Exercise data
|---|

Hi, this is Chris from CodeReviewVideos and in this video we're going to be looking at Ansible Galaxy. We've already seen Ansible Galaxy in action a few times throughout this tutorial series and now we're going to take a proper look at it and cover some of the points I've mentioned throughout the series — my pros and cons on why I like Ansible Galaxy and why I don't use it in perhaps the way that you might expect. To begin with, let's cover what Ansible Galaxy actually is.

|---|

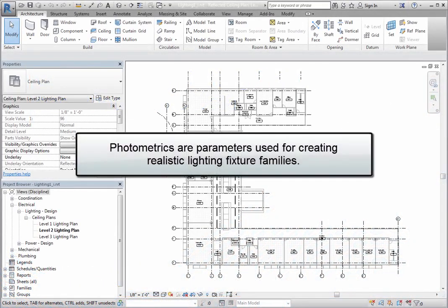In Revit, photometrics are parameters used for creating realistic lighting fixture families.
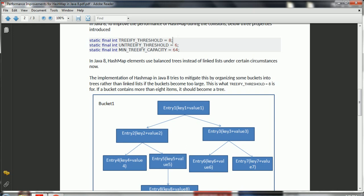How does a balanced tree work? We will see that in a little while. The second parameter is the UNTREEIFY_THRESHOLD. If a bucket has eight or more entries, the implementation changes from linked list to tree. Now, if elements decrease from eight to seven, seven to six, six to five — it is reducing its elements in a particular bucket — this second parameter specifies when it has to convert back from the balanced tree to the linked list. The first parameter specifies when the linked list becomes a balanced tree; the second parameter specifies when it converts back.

|---|

Action item
Output exactly the lines above, from the line with "In Revit, photometrics" to the line with "How does a balanced", both included; skip the pictures.

Finished exercise
In Revit, photometrics are parameters used for creating realistic lighting fixture families.
How does a balanced tree work? We will see that in a little while. The second parameter is the UNTREEIFY_THRESHOLD. If a bucket has eight or more entries, the implementation changes from linked list to tree. Now, if elements decrease from eight to seven, seven to six, six to five — it is reducing its elements in a particular bucket — this second parameter specifies when it has to convert back from the balanced tree to the linked list. The first parameter specifies when the linked list becomes a balanced tree; the second parameter specifies when it converts back.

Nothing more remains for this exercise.